Таинственная предромантическая повесть, с элементами готики, развивающая мотивы ужасов и тайн английского готического романа (X. Уолпол, Анна Радклиф, М. Г. Льюис), жанр которой был открыт Карамзиным еще в конце XVIII века («Сиерра Морена» и «Остров Борнгольм»), получила разработку в повести В. А. Жуковского «Марьина роща» (1809). Если Карамзин в «Бедной Лизе» создал предание, поэтизировавшее окрестности Симонова монастыря, то Жуковский окружил мечтательной романтикой другой уголок Москвы – Марьину рощу.

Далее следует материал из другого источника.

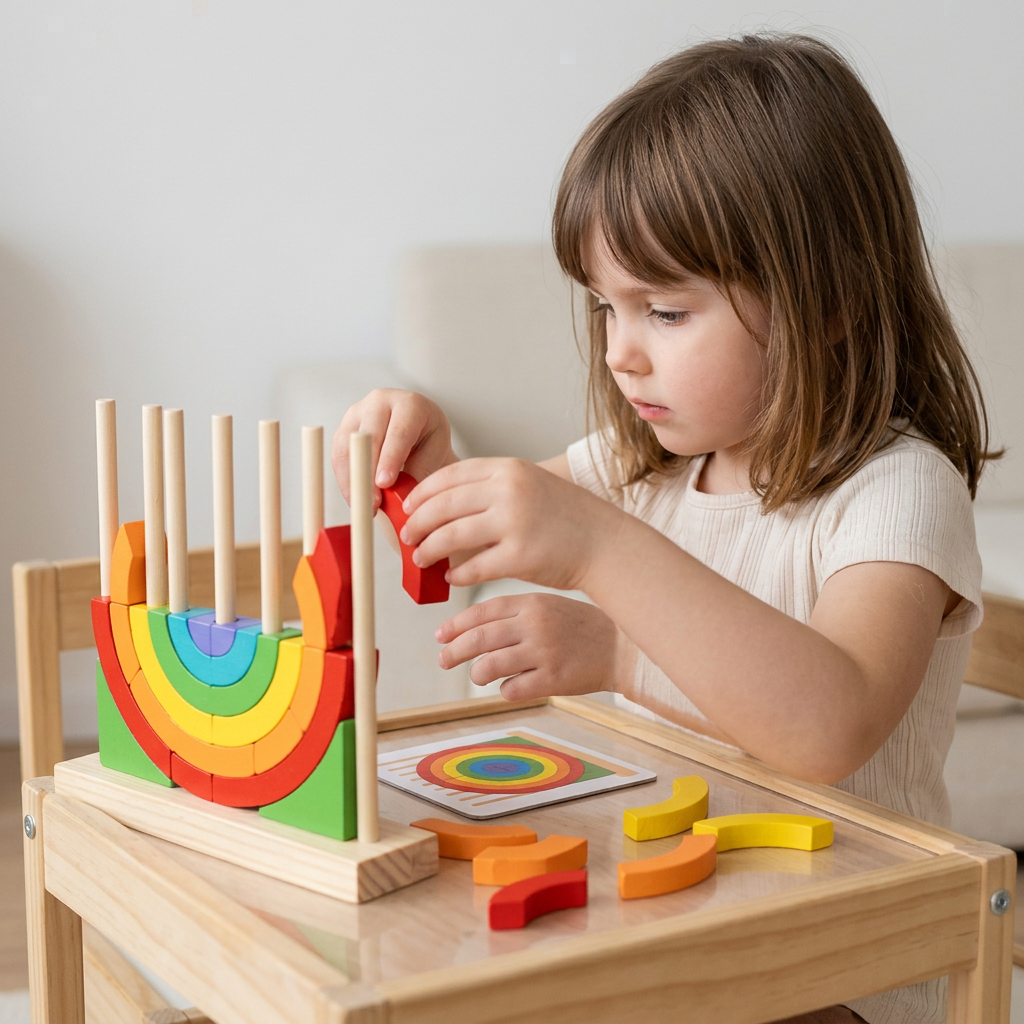 Montessori Holz-Regenbogen Stapel- & Zuordnungspuzzle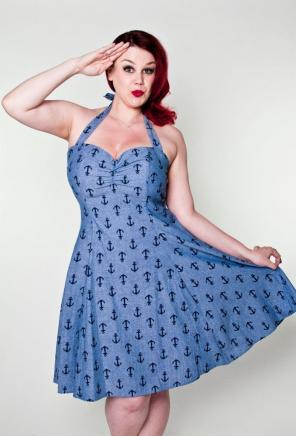 Pinup Style Plus Size Anchor Dress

Действие его повести-элегии приурочено к временам князя Владимира. Употребляются имена с колоритом русского Средневековья – Рогдай, Пересвет, Илья Муромец, Добрыня. Даются приметы исторического быта Древней Руси – «дружина», «сборище народное», «посадники новгородские». Но эти исторические детали не более чем декорация, исторический аксессуар. Повесть окрашена колоритом предромантической готики: мрачный оссианический лиризм, композиция, построенная на контрастах пейзажа, освещения, лирической тональности. В тему невинной «сентиментальной» любви девушки Марии и певца Услада вторгается демонический мотив, связанный с витязем Рогдаем, дом которого возносится над «низкими хижинами земледельцев» как символ рока, нависшего над счастьем мирного певца и бедной поселянки. Рогдай своей могучей властью и силой страстной натуры одерживает победу над Марией в момент долгого отсутствия ее возлюбленного Услада. Но его торжество непрочно, он не в силах покорить сердце Марии. Ревнивец губит свою жертву и гибнет сам. А жизнь вернувшегося певца Услада после пережитого им потрясения превращается «в ожидание сладкое, в утешительную надежду на близкий конец разлуки», на свидание с Марией за гробом. Повесть автобиографична и пронизана мотивами баллад Жуковского. На примере этой повести видно, как русская проза первой половины XIX века осваивает достижения поэзии. Она «усваивает композиционные принципы стихотворных жанров – лексические и синтаксические повторы, кольцевое построение, ритмический строй, приемы звукописания. Большое значение приобретают сложные перифразы, психологические эпитеты. Характерен интерес к контрастным состояниям: в природе и человеке подчеркивается то мирное, идиллическое, то бурное, разрушительное или скорбно-меланхолическое начало» (Н. Н. Петрунина).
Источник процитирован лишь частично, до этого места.